In fact, this issue of NMI descent is a questionable classification that directly infringes upon the Taotao Tano, the Chamorros who are, in fact, the native inhabitants of the Mariana Islands for over 4,000 years that has not been resolved by the CNMI government.

Lastly, we have to be reminded that the CNMI casino law was passed and implemented to satisfy the federally mandated case of the retirement fiasco of past financial mismanagement by elected and appointed officials, taking note that some of these officials are also retirees themselves and some are currently serving the CNMI government in different capacity.

The 40,000 square meters of land that included public lands were leased out to the casino investors to construct their casino, which is a sacred ancient Chamorro burial ground where close to 1,000 of our Chamorro ancestors were buried more than 1,000 years ago. All to ensure that the government’s obligation to the close to 3,000 retirees were satisfied.

The results of these fiscal mismanagement decisions created and continues to create anxiety among retires and their beneficiaries of whether or not they will continue to have pension checks to receive as promised.

More importantly, the implementation of the CNMI casino law also causes a major moral and ethical irresponsibility by the CNMI government, the foreign investors from China (Imperial Pacific International), Scientific Consultants Services, Inc., and others who participated in the approval to make a sacred ancient Chamorro village and burial ground the site of the Best Sunshine Grand Mariana Casino and Imperial Pacific Resort where over 400 (plus 200-plus) ancient Chamorro remains were disinterred from their grave site; and continue to be displaced since 2015.

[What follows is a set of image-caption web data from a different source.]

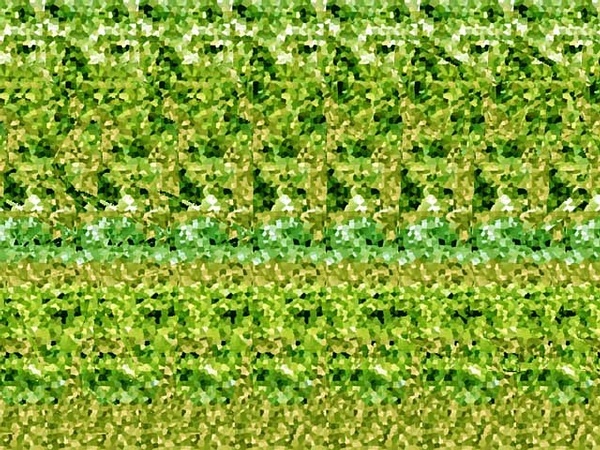 以前有种图,盯着盯着就会立体的,叫什么?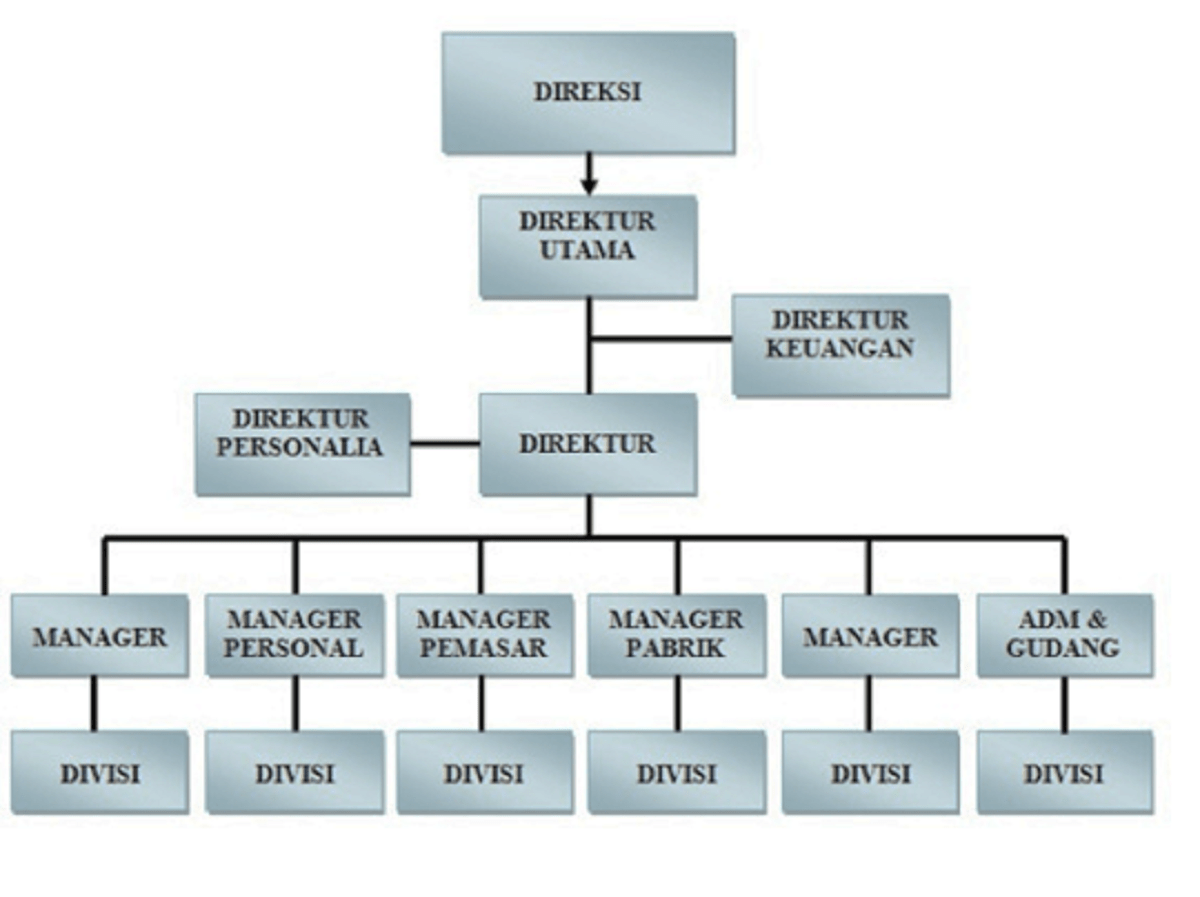 Detail Contoh Struktur Organisasi Fungsional Nomer 5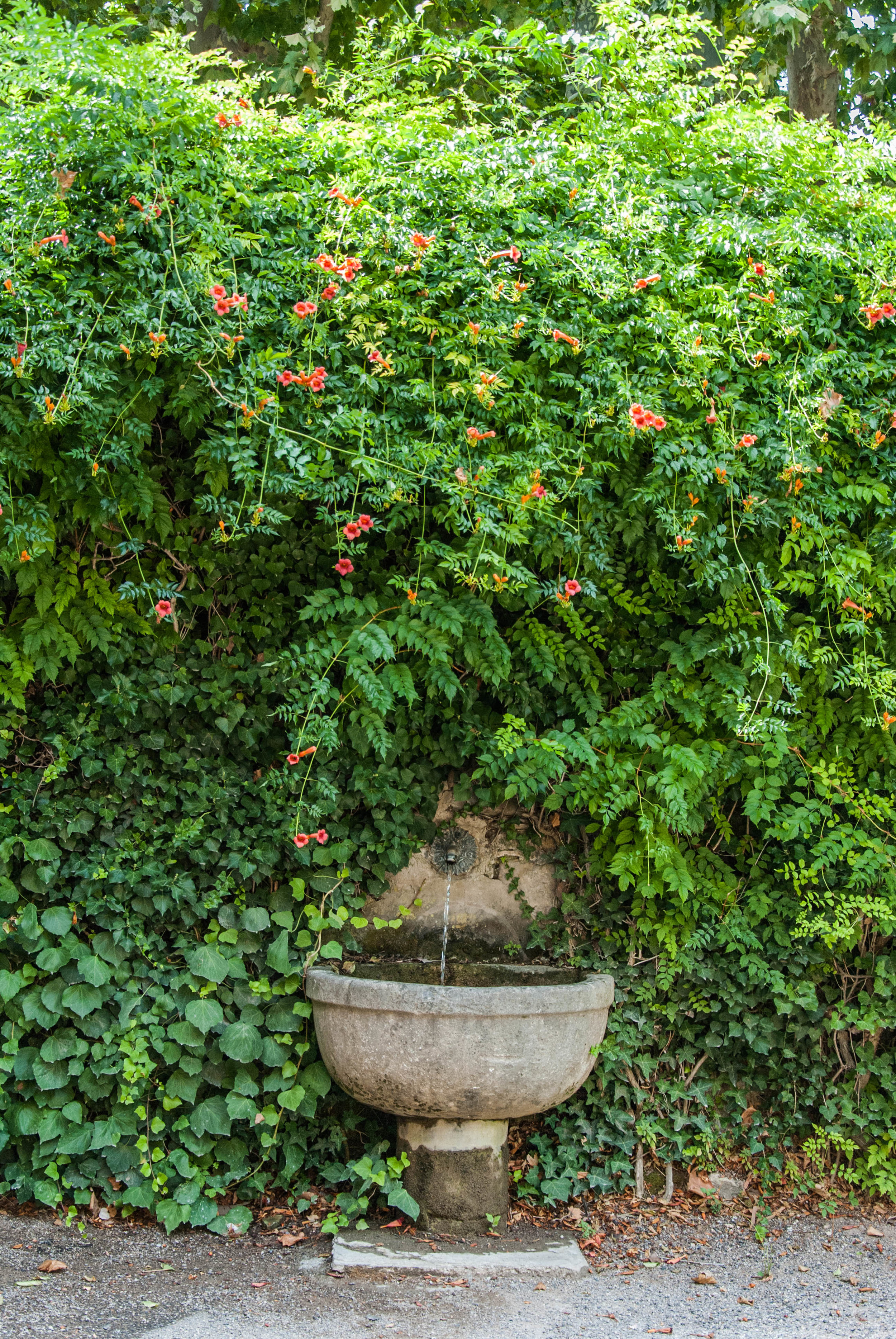 The most charming water fountain I’ve seen.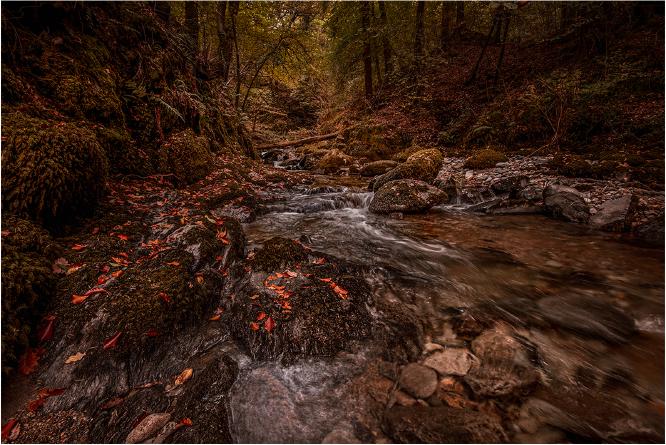 The Fall - Mark Kench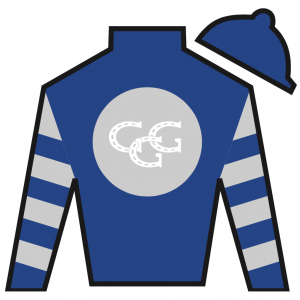Go Go Greys Stable, LLC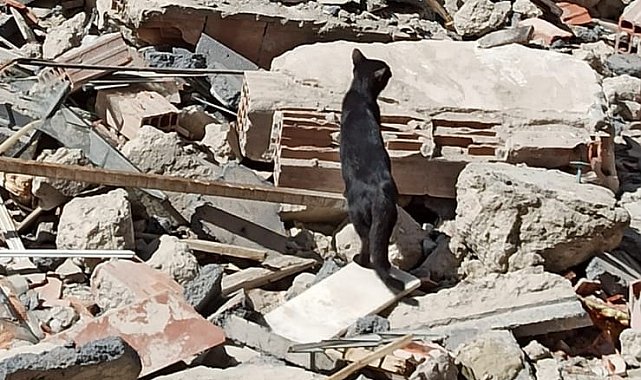 Bina enkazında mahsur kalan yavru kediyi itfaiye kurtardı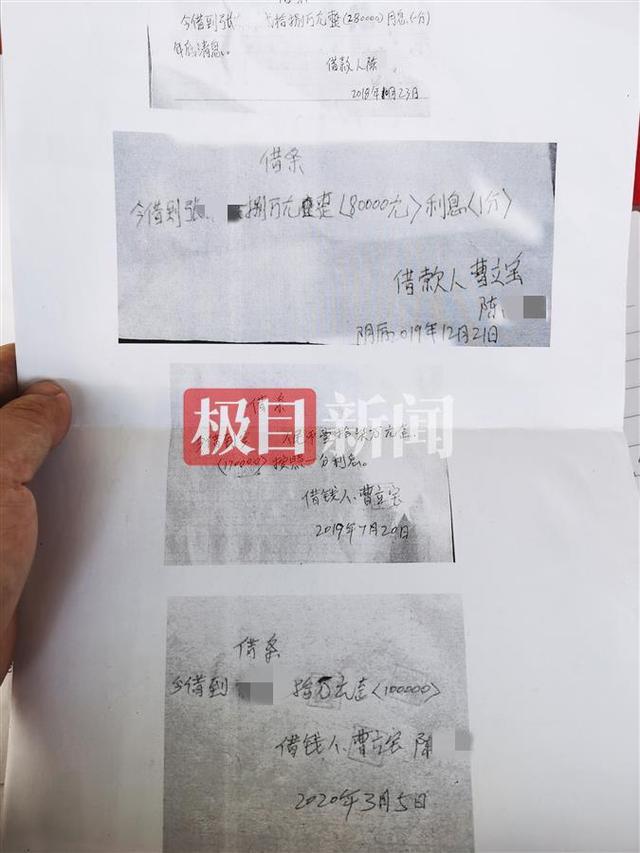 疫情突袭下的陕西山阳蛇农：养殖场关闭，补偿款成争议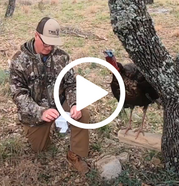 man fills out tag, with video link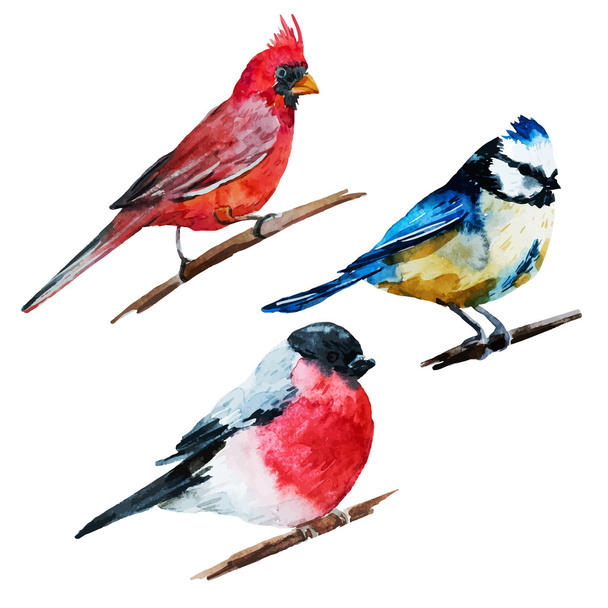 Watercolor birds - Διάνυσμα, εικόνα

This ancient village and burial ground of Anaguan was established dated A.D. 1100 or 990 years ago. The destruction and desecration of our cultural and historical heritage as Taotao Tano at this site is lost forever. Our children and the future generations of Chamorro children will never have the opportunity to walk on this pristine landscape or to pay tribute and homage to their ancestors’ heritage.

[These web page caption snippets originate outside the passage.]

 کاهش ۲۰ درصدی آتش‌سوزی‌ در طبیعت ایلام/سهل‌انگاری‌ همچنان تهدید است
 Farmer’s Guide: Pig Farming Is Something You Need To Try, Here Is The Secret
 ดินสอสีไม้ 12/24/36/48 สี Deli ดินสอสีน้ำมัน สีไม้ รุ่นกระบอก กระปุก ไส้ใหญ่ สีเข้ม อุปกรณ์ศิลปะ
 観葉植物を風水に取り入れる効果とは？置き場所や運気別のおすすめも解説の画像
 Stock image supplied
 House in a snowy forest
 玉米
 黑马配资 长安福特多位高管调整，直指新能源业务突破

It is our intention that when opposing a position of the government, that we also provide for an alternative solution. That said, we propose that the CNMI Legislature provide for a legislation to authorize the Commonwealth Development Authority and the Pacific Islands Development Bank to provide for a credit facility and/or a loan guaranty for the payments of the bond obligation and the retirement fund settlement fund payments, or any other government operation expenses a deemed necessary today and in the future.

CDA is a government financial institution that has provided numerous loans to the CNMI government (e.g. CUC); and the Pacific Islands Development Bank or PIDB where the CNMI is a current member and shareholder of the bank. Shareholders and members also include the governments of the Republic of Marshall Islands, Republic of Palau, Island of Guahan, and the Federated States of Micronesia (Chuuk, Kosrae, Pohnpei, and Yap).

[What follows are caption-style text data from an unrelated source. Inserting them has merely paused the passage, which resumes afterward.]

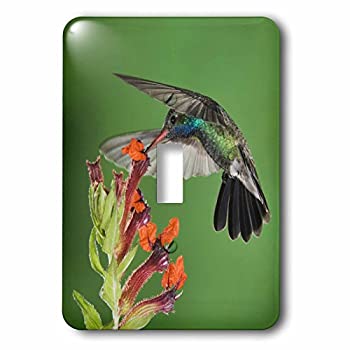 【中古】【輸入品・未使用】3drose LSP _ 84405?_ 1?broad-billed Feedingハチドリ、アリゾナna02?rnu0..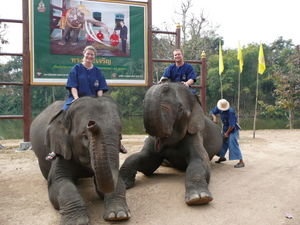 Us and our elephants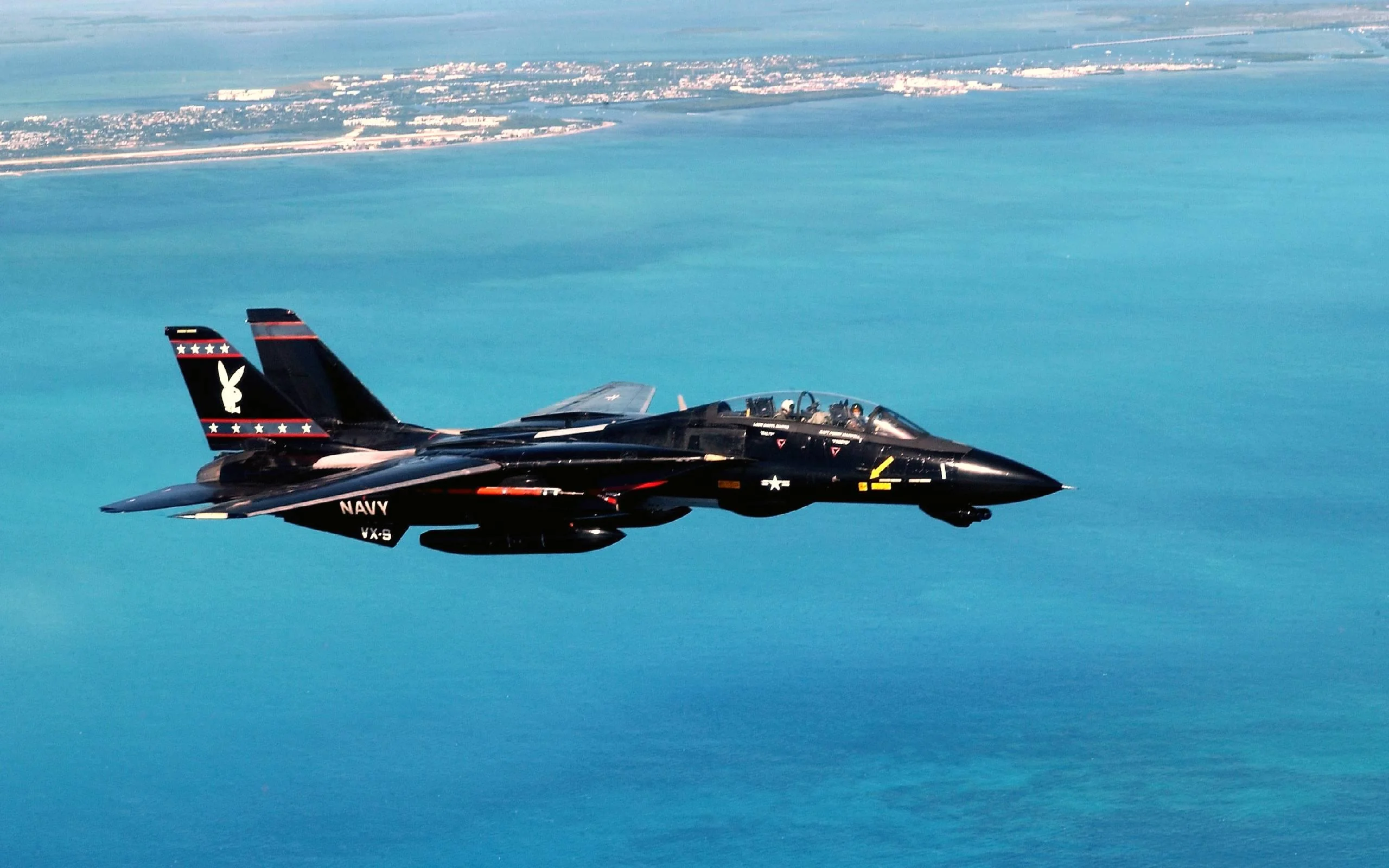 F-14 Tomcat with Black Bunny Livery picture 1 of 1
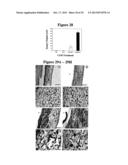 Artificial Tissue Systems and Uses Thereof diagram and image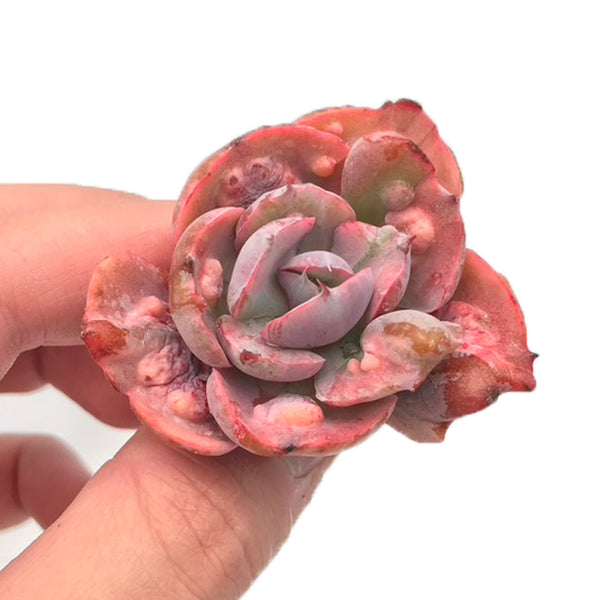 Echeveria 'Beyonce' Small 2"-3" Succulent Plant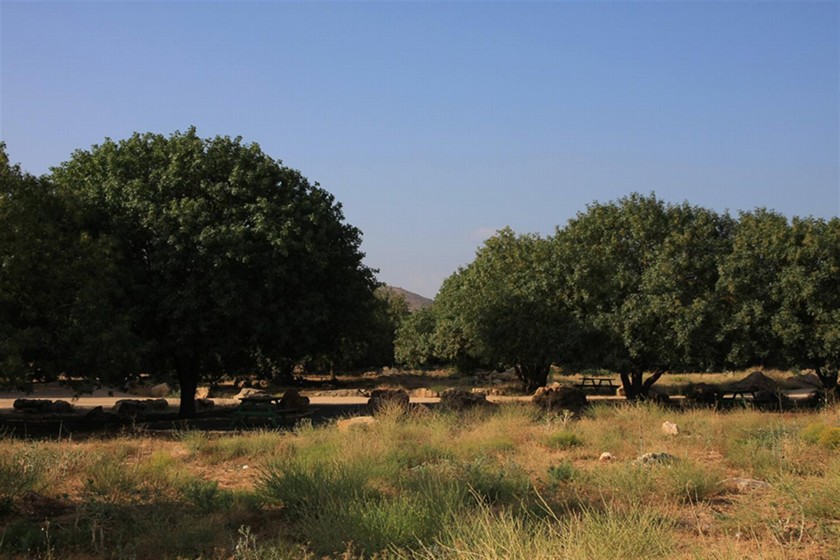 עצי אלה. צילום: יעקב שקולניק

There are millions of dollars that have been invested into PIDB where some of the members of the Legislature, past and present, including retirees, and those in the administration have benefitted through PIDB’s loan programs. There are several alternative ways to solve the CNMI’s current financial debacle. The government must focus to find other ways to meet its financial needs as they are elected and appointed to do so.

Most importantly, the DPL and MPLT trust funds are not intended to pay for government operating expenses as the Legislature sees fit or wishes because there are potential constitutional violation of the applicable laws governing the trust fund public policy rationale; and as also stated in this proposed legislation.

To this end, in the last 40 years or since the establishment of the CNMI constitutional government, there has not been any resolution to address and protect the Chamorros, i Taotao Tano, who are the true and rightful owners of these lands for 40 centuries or over 3,500 years.

Again, the Matua Council opposes the passage of H.B. 20-044 in its entirety because it intends to further displace and mismanage fund proceeds intended for the benefit of both DPL and MPLT’s intended beneficiaries.